The “laity” are not welcome in doctrinal discussions.
Perhaps I should refer to this less as a defense, and more an identification of an irony. New York Times opinion columnist Ross Douthat has come under fire from an unlikely source – fellow Roman Catholics. But these are Catholic academics and theologians who essentially feel that due to his status as an uncredentialed layman, he is unqualified to comment on theology and doctrine as he has done many times in his columns. Douthat is among those I write about in my book Evangelicals Adrift, and is a prime example of a convert to Catholicism who upholds his expatriate faith with a zeal that the native-born, as it were, do not.
Before converting to Catholicism, Douthat was part of pentecostalism (my memory is Assemblies of God, but I cannot find the reference, but it is not so important). No doubt he there became accustomed to reading his Bible for himself, thinking about doctrine, and within pentecostalism, so sharp a division between clergy and laity did not exist, to the extent it does in Catholicism. To suggest, as these theologians do, that Douthat is not qualified to write on matters of theology or doctrine is simply ridiculous.
Douthat is well-educated and literate, he is a critical thinker, and therefore he has pretty much all the equipment he needs to weigh the evidence for or against various doctrinal positions within his Church. He can read the source material for these discussions just as anyone else can. The suggestion that determining these things should be left to the “professionals”, should be insulting to any and every member of the Roman Catholic Church. Indeed, part of the reason for the current troubles of the church is due to this professionalizing of what belongs to everyone.

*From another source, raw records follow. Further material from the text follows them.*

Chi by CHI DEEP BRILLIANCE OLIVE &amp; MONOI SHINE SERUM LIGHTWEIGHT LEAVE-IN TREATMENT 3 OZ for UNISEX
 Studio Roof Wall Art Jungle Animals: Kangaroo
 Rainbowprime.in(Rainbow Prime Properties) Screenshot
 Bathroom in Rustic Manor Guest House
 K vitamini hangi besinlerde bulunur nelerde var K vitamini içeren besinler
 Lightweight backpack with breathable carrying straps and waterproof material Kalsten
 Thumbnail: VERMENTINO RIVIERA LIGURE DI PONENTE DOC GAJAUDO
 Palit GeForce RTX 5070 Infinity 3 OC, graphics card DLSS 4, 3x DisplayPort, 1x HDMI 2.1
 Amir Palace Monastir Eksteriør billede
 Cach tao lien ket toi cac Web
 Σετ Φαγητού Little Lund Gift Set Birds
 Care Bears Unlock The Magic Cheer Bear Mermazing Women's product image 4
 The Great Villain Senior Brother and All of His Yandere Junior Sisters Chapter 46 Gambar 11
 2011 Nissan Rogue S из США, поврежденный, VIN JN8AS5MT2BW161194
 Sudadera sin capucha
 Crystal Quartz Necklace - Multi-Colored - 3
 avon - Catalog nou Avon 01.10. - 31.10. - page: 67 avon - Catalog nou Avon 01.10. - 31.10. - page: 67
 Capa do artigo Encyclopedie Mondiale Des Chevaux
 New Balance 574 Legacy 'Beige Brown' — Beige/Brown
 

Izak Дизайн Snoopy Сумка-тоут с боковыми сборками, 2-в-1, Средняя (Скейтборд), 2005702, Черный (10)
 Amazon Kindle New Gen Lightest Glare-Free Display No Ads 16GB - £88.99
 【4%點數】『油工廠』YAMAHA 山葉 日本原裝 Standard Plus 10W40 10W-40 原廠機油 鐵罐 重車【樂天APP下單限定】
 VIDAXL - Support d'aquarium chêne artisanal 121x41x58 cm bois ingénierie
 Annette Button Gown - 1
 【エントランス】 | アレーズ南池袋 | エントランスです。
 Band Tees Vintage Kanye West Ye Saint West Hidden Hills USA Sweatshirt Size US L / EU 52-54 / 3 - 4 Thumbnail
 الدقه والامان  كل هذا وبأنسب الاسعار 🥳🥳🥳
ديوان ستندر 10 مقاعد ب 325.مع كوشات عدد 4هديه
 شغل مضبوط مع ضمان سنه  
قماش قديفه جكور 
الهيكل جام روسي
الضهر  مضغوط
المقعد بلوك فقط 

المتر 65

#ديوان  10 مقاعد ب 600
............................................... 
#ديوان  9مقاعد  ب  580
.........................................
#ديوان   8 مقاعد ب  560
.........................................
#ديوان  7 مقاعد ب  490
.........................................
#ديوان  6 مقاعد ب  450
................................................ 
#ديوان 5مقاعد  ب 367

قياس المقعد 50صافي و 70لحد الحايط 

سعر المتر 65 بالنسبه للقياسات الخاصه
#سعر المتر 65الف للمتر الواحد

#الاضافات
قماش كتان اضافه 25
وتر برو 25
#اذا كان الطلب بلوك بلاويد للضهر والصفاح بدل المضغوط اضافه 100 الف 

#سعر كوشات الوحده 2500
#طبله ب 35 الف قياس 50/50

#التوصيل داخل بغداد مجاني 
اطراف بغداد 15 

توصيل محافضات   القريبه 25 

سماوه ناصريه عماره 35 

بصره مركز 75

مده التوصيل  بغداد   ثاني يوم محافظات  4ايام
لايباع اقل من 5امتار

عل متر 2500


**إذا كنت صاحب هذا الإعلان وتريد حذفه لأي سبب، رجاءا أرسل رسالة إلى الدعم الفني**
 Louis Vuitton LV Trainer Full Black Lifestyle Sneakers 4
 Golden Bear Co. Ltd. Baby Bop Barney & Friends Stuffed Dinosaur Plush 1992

I by no means think that if the Catholic Church adopted a flatter structure, this would solve their problems. Their doctrinal issues run far deeper than a democratization of the church hierarchy can solve. But within the confines of the structure he is working with, Douthat is doing what one would think Catholic academia would want. As a layman, he is taking profound interest in what the Church teaches, and where it is going. The pope himself said as much in his encyclical Evangelii Gaudium: “Nor do I believe that the papal magisterium should be expected to offer a definitive or complete word on every question which affects the Church and the world.” Ironically, Douthat is doing what the pope he often opposes is suggesting, and it is this very thing, which these theologians say is not in Douthat’s purview, that the pope they defend is encouraging.